This includes a systematic way of finding such reviews by using a canned boolean search in 2Dsearch + Lens.org to using controlled vocab in subjects (e.g. "Review article" field of study in Microsoft Academic, "Review" Document type in Scopus) and even software that try to detect such reviews using citations (e.g. "Derivative works" feature in 2D search)

These techniques are not purely theortical. For example, I was working with this phd to map out new areas that was cross disciplinary and I noticed she was sharing wth me a lot of review type papers. I used the 2Dsearch + Lens.org technique to easily find a couple more and she was surprised and asked me how I found them.

Canned search template to find reviews in 2Dsearch for Lens.org

3. Citation trails - retracing the trails/footsteps metaphor

The earlier technique can be useful for finding other related literature which can help with the "I can't find anything" issue. They help with keyword searching by suggesting other keywords to use, allows you to go further down the citations trails of the papers identified etc.
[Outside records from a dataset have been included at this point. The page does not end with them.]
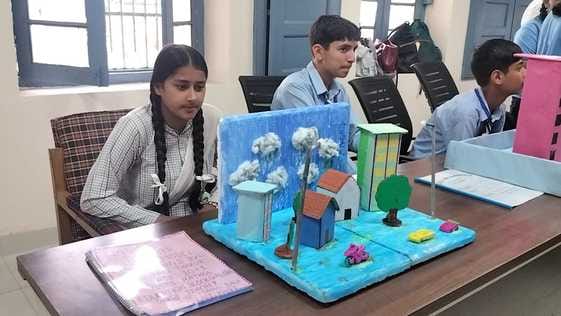 Vivek Sharma first in high school category in model exhibition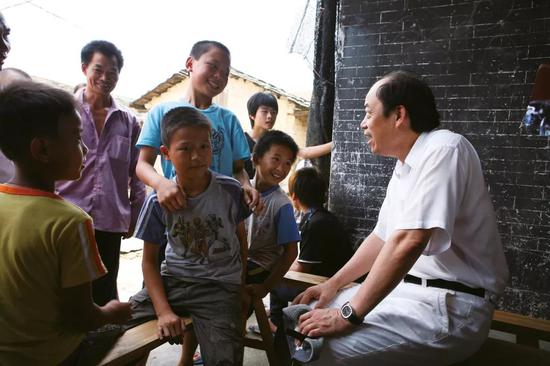 杨国强表示,“希望尽我所能,去帮助更多的人摆脱贫困,实现他们的人生价值。”图片来源:DR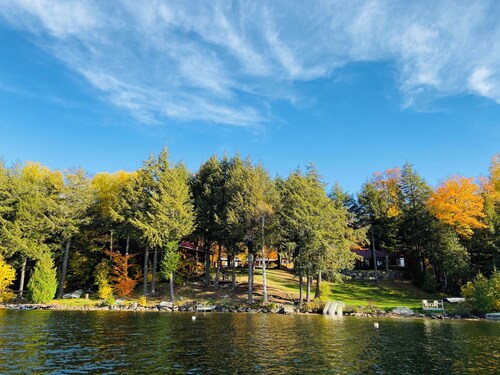 Charming, well appointed, pet-friendly cottage resort for couples near Bancroft!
But in many cases, such researchers tend to be looking for either something really specific or something that is pretty new or novel in which case it's unlikely a review paper exists.

This is probably the most tricky situation. If you do your best and can't find anything at all on X, is it because X doesn't exist (which can be good) or simply you are not searching the right way?

Since you can't really prove a negative, I find this leads to a lot of anxiety sometimes and I can't tell you the number of times someone (typically a undergraduate) come to me to tell me X "must" exist.

While you can't be 100% sure something does not exist, you can reduce the chance of missing it.

When you think about keyword searching, there are only two reasons you miss something.

Firstly, the index you are using does not have it. This is discipline specific but I think compared to 20 years ago or even 10 years ago this is a much smaller problem.

Mega-indexes like Google Scholar, Lens.org, Semantic Scholar supported by trends like open access , electronic thesis and dissertations, online preprint servers means that for many fields you don't have to search a dozen search indexes to have a fair coverage of the area.

Sure, not everything is online or for older pre 2000 content digitized (or digitized in full text/properly), nor is every grey literature in tools like Google Scholar, Google books and all bets are off if you move away from article type content but generally adding some subject specific databases like Psycinfo will help cover for that.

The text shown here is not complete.